To Remember: A Quick Review Of The New Album From His Name Is Alive

The new His Name is Alive release is a set of reworkings of earlier material and a set meant for reworking. Paired with a simultaneous release of remixes by Model Home, Return Versions stands on its own as a tight set of trippy excursions into the lands of dub and dream-pop. In that sense, this Disciples release sees Warren Defever venture into territory explored earlier by African Head Charge and Adrian Sherwood.

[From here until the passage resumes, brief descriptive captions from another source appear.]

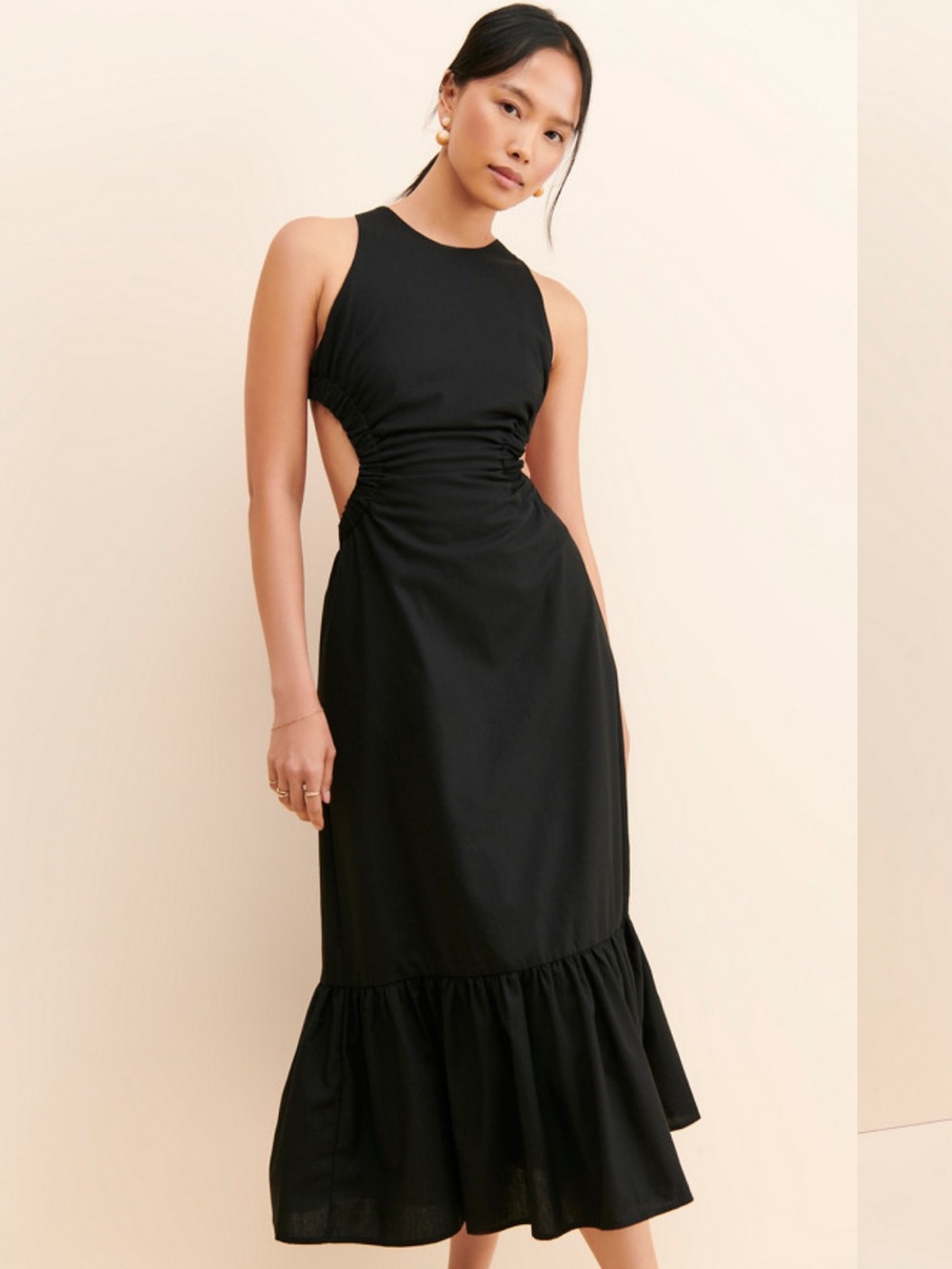Astr The Label Black Cutout Midi Dress with Ruffle Hem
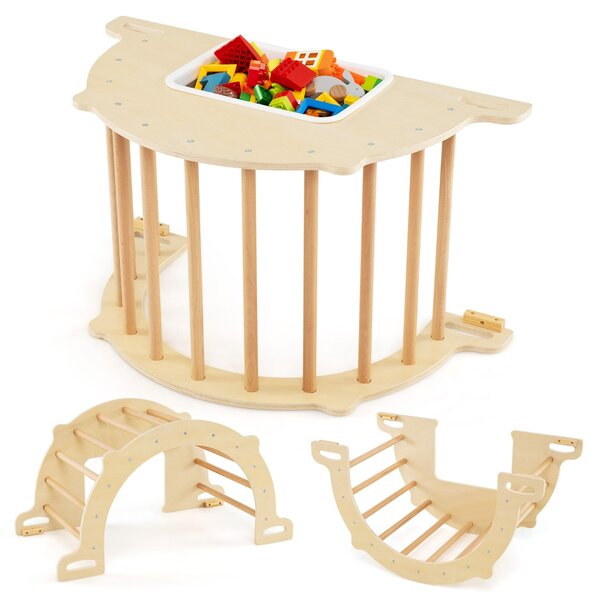 Costway Tavolo sensoriale ad arco da arrampicata 8 in 1 per bambini 3+ anni, Palestra montessori con contenitore pieghevole Naturale
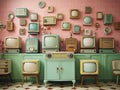 Retro TV Collection: Pastel-Colored Room Adorned with Vintage Screens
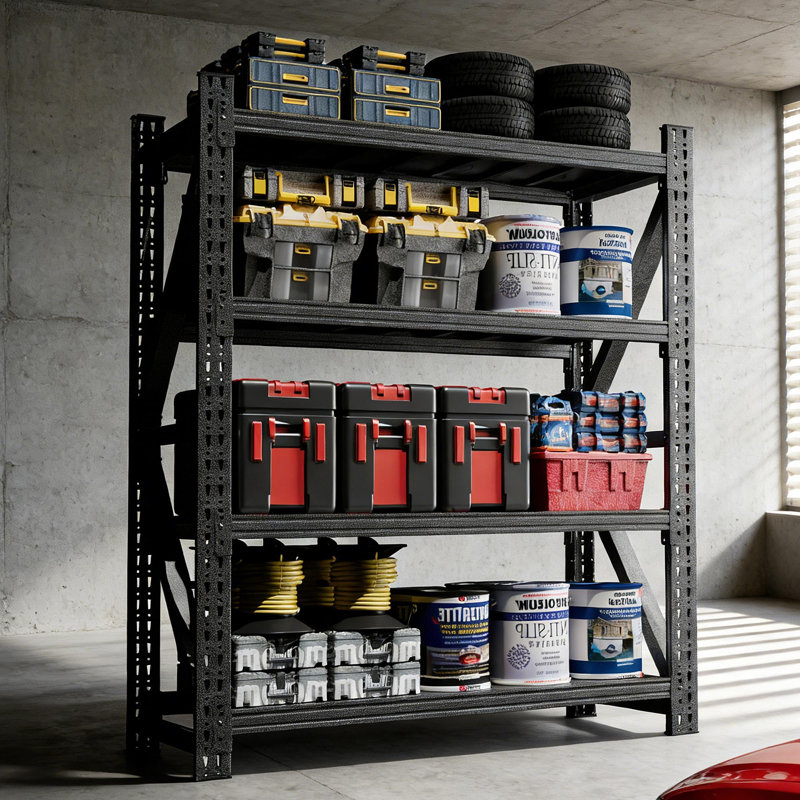 Heavy Duty Metal Adjustable Garage Shelves, 4000LBS Storage Rack (69"H X 59"W X 23.6"D) Industrial Shelving Unit For Warehouse, Black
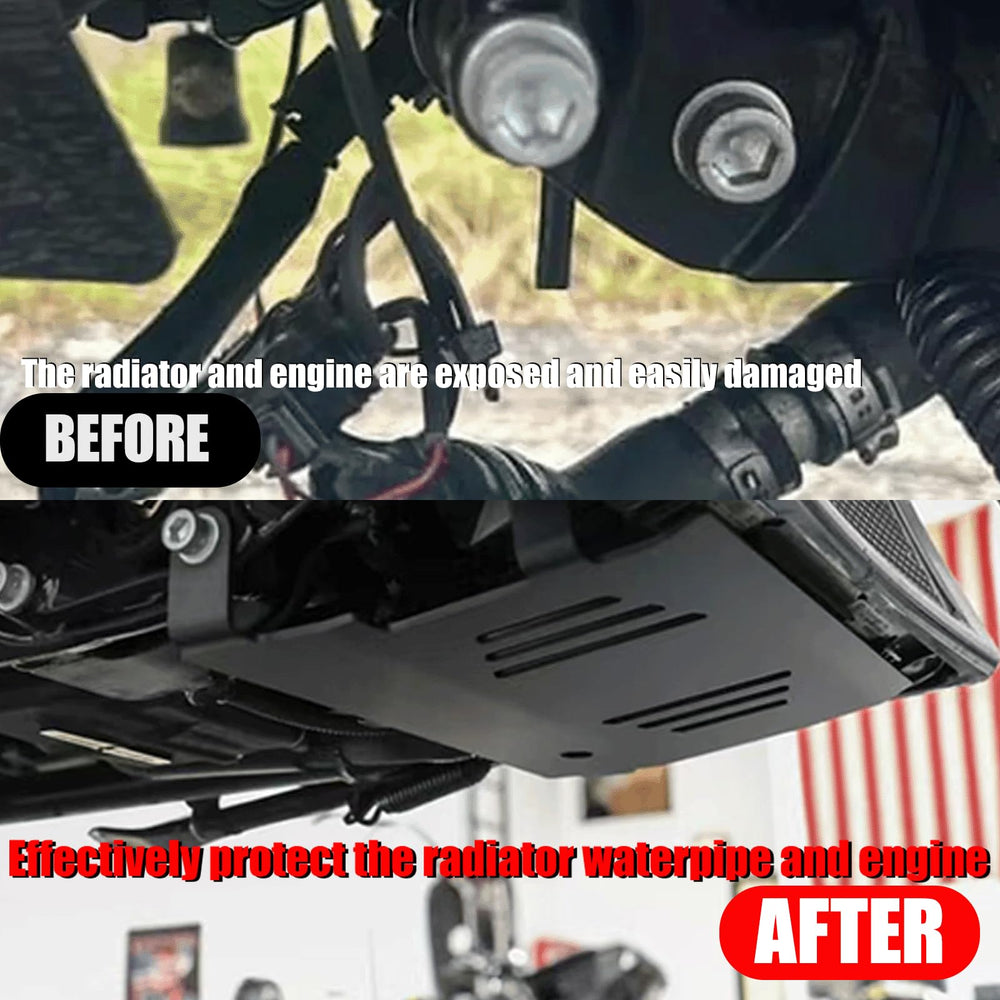 VPZMT black skid plate adds rugged style while guarding critical components during street riding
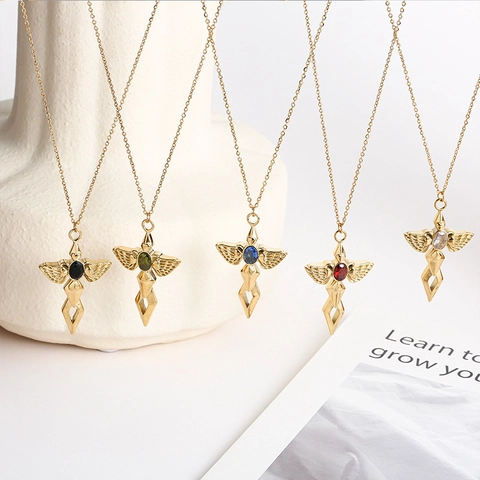 Collana Con Pendente Spada Ali D Angelo Acciaio Inossidabile Placcato Oro Pietra Preziosa Ovale Gioielli Gotici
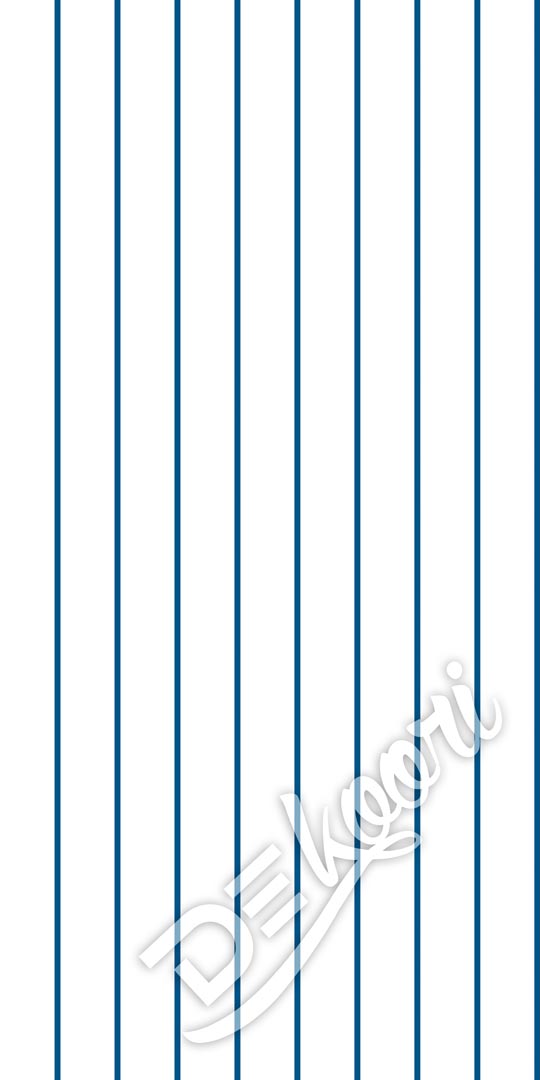 Bílá tapeta s modrými svislými proužky šířky 1 cm - Dekoori obrázek 2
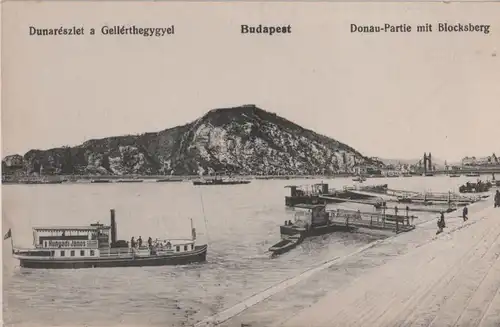 Ungarn - Ungarn - Budapest - Donaupartie mit Blocksberg - ca. 1935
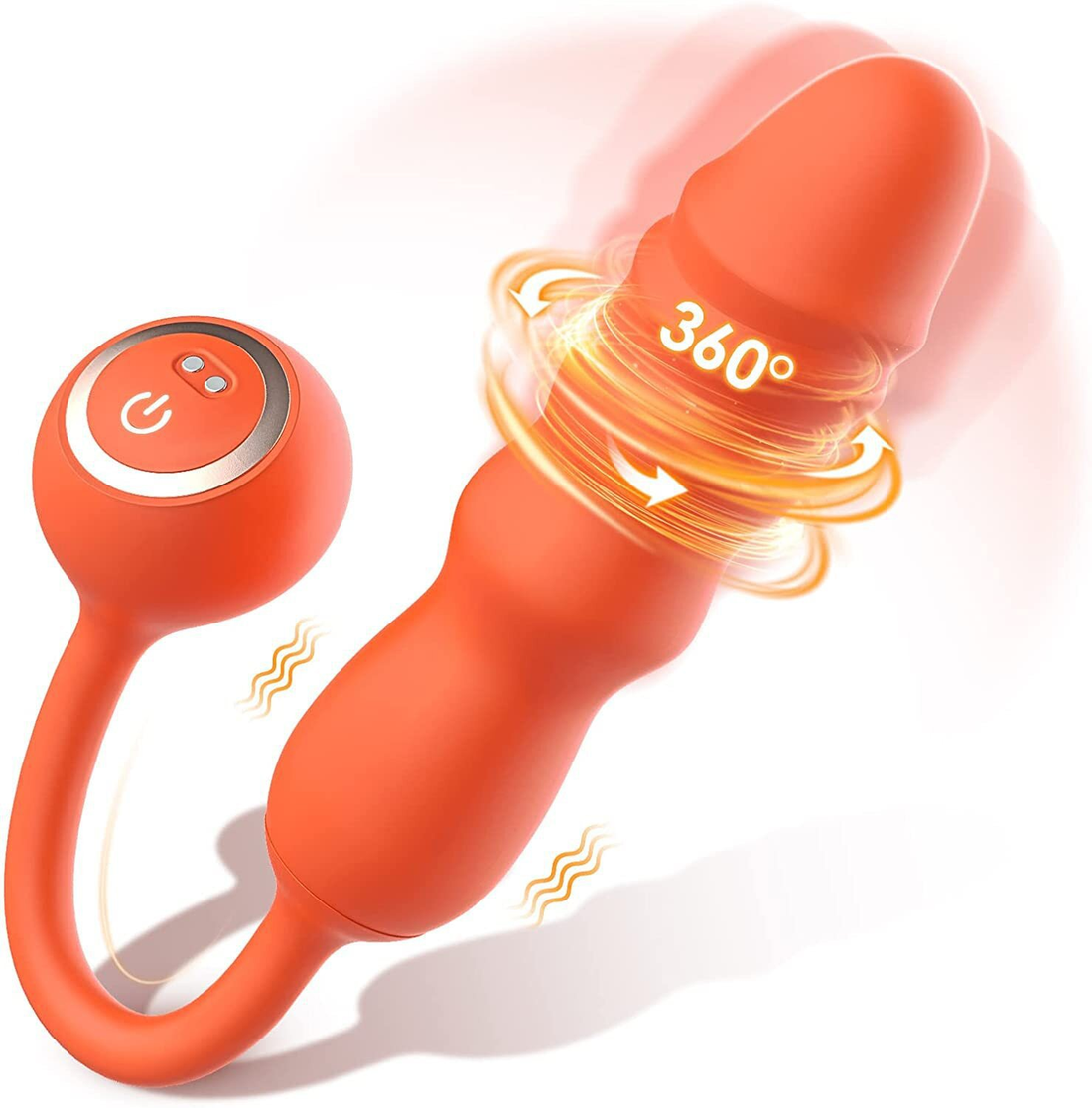 Rechargeable telescopic vibrator for women (purple) — rotating G-spot vibrator with textured shaft and remote-style handle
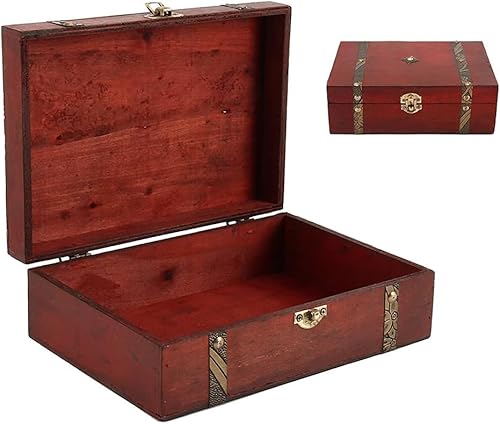 Fyeme Schatztruhe Holz 23x16x7,5cm mit Deckel Metall Verschluss Schatzkiste Klein Vintage Schatztruhe Hochzeit für Schmuck Karten Ringe Kollektion Halloween Geschenke (2) von Fyeme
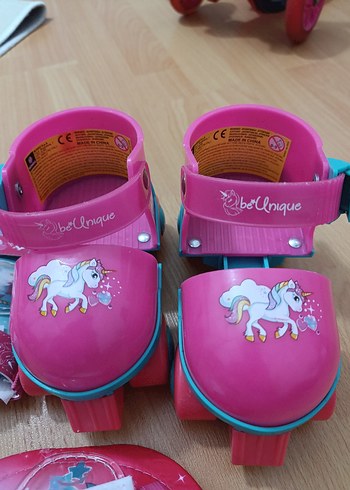Pembe Unicorn Desenli Kız Çocuk Kaykay Seti - Görsel 3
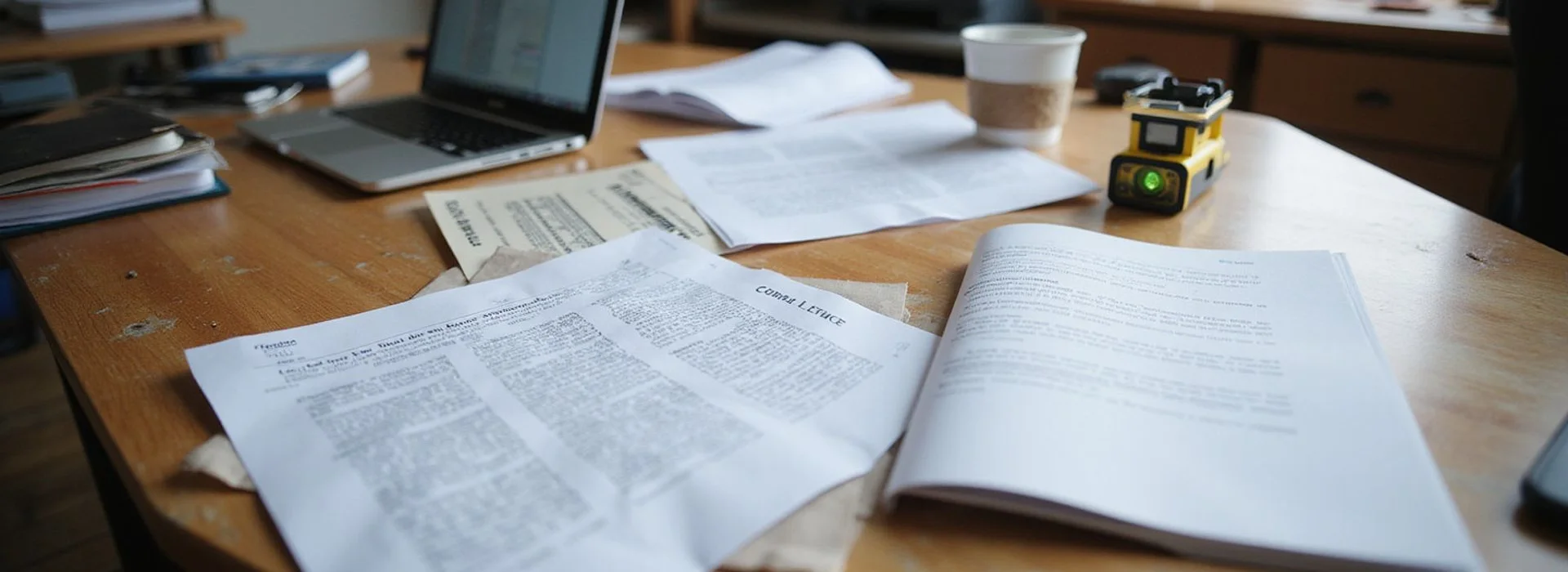 Desk with printed foundation guidance drafts and source citations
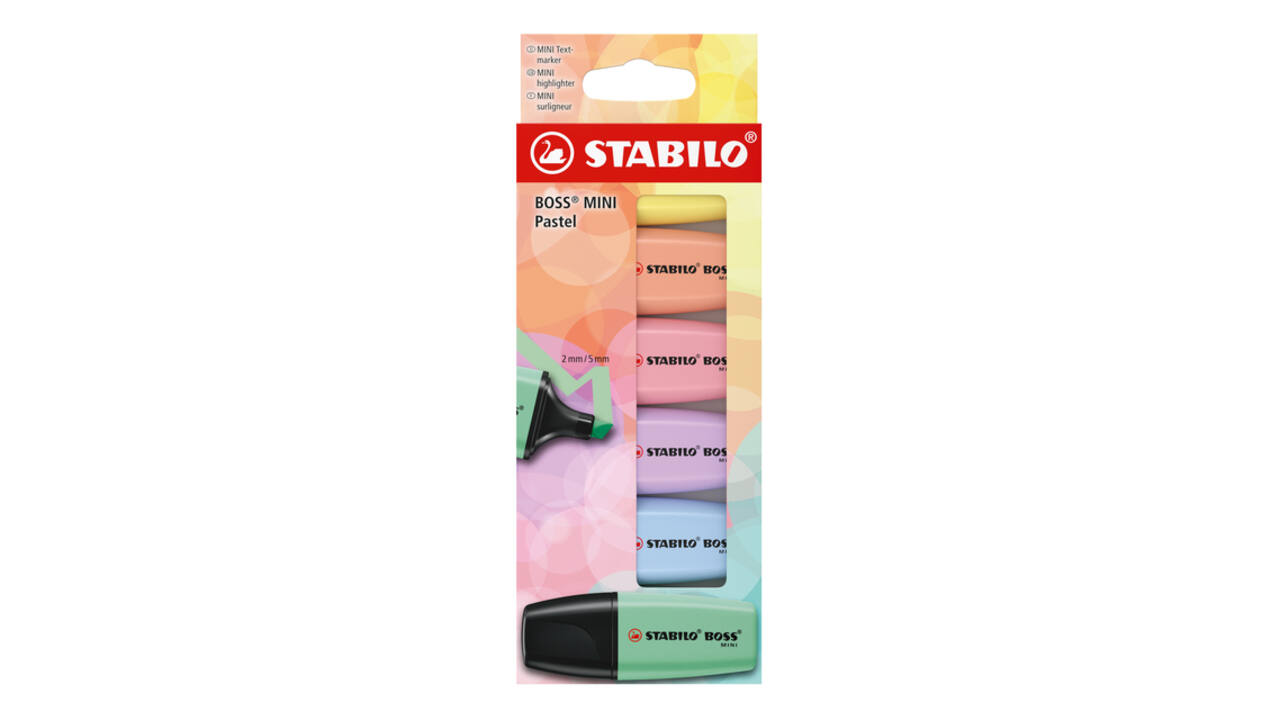 Markeerstift STABILO BOSS mini pastel assorti 6 stuks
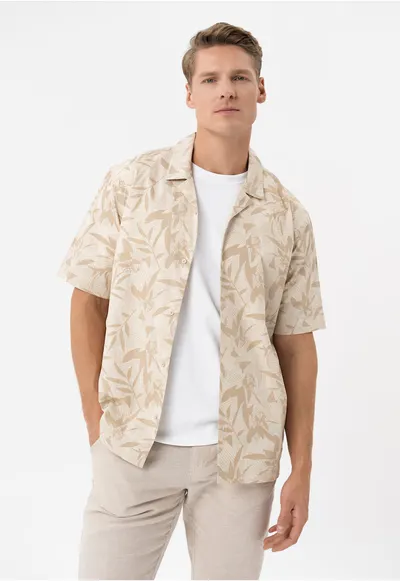 Camasa barbati din bumbac cu model floral - maneci scurte - Comfort Fit - C-Stim - bej - Bej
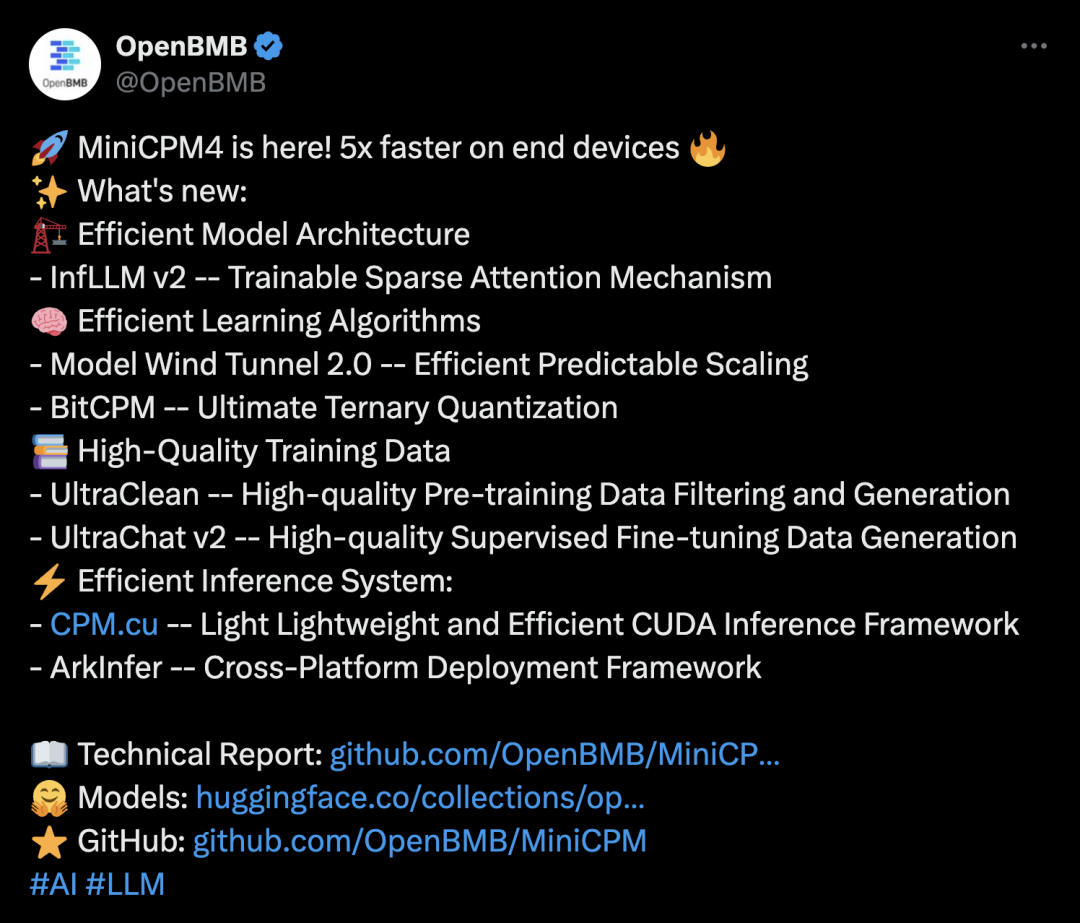MiniCPM 4.0极速狂飙，端侧模型的比赛，结束了！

Taking tracks from Return To Never (Home Recordings 1979 - 1986 Volume 2) and adding beats to them sounds like a straightforward approach. But what's here on Return Versions is as different from that earlier release as possible. Things here are still spacious, like the airy "Early Version", but the heavy drum track underneath this one and others renders the music dub of a sort. "To Remember" sounds a bit like what we'd expect to hear underneath an old number from A.R. Kane, 4AD label-mates with His Name is Alive, while "Lake Night" here is space-y and subtly organic. So much of this sounds like the sort of rhythmic interplay that one would find on a Krautrock record, or an African Head Charge side, but Defever elegantly marries these forms in such a way that these versions sound fine on their own, regardless of a listener's awareness of any other version of these versions. Heck, you can almost dance to this stuff too!

The companion piece, Versions Returned finds D.C.'s own Model Home rendering the same tracks simultaneously more obtuse and more direct in spots. Tinted with shadings of modern rap, and dance, the release sits nicely next to this one, but is best heard after this one is played. It does, however, work on its own in some odd way, serving up bracing remixes of these remixes, a very meta proposition.

Versions Returned by Model Home and Return Versions are both out as of now via Disciples.